» **What to produce**: Return exactly the lines of the data below, from the one that contains "9MM HONEY COMB EARRINGS (WHITE GOLD)" through the final line, and leave out every picture.

» **Task input**:

BEGIN

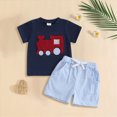 thumbnail image 2 of NIEWTR Toddler Baby Boy Clothes Summer Outfits Embroidery Smocked Short Sleeve Shirt T-Shirt + Elastic Waist Shorts 1T 2T 3T 4T(Blue,12-18 Months), 2 of 6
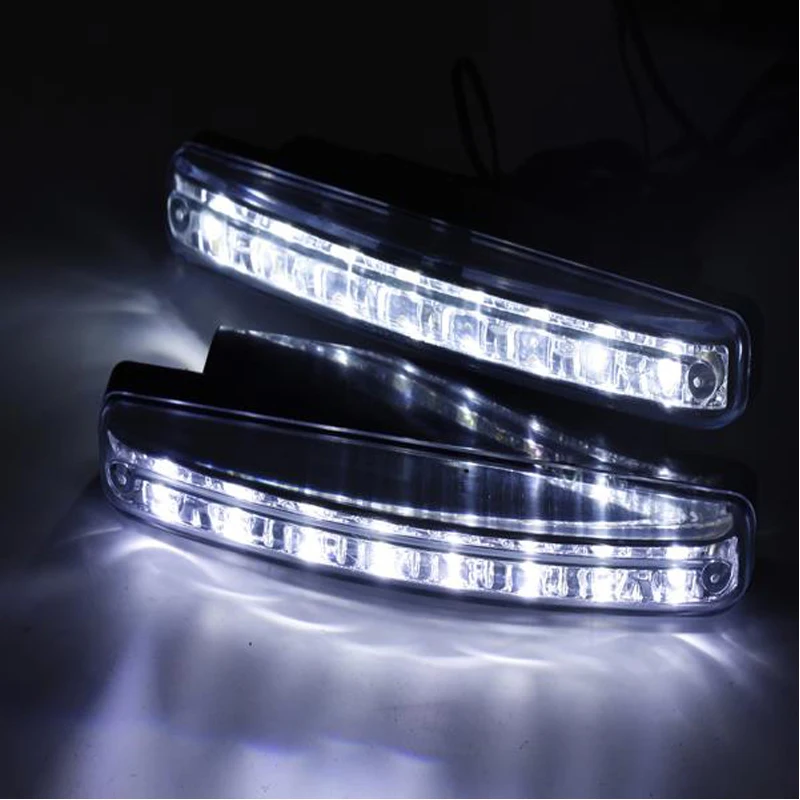 1pc Universal Car LED Light 12V 8LED Car Daytime Running Fog Lamp Car Driving Light Super Bright White Light Auxiliary Lamp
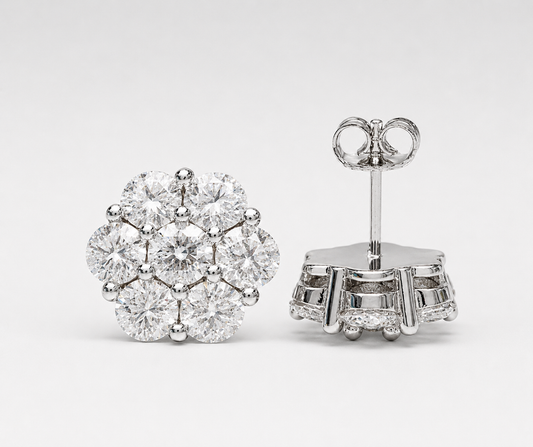 9MM HONEY COMB EARRINGS (WHITE GOLD)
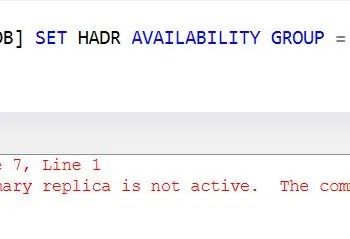 SQL error message dialog.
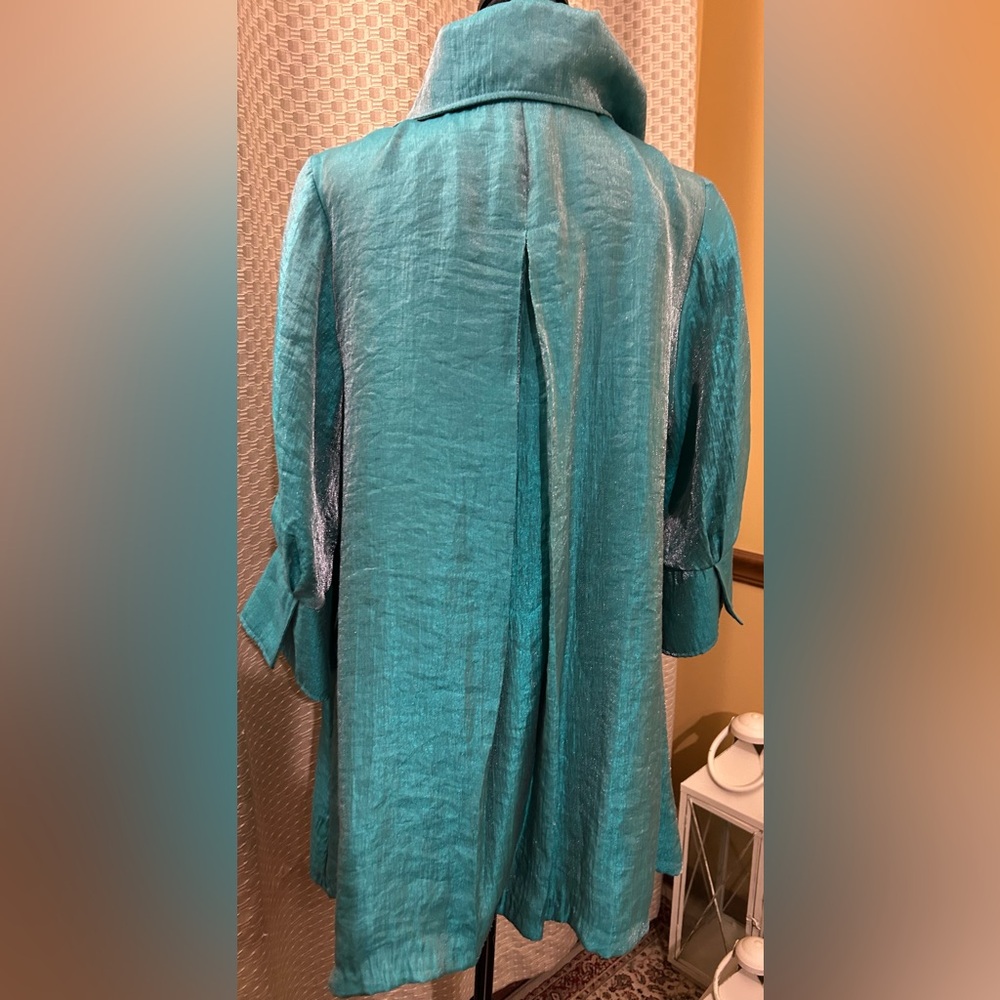Damee, Inc Swing Jacket Chic Turquoise Mint Collared - Picture 7 of 13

END

» **Answer**:
 9MM HONEY COMB EARRINGS (WHITE GOLD)
 SQL error message dialog.
Damee, Inc Swing Jacket Chic Turquoise Mint Collared - Picture 7 of 13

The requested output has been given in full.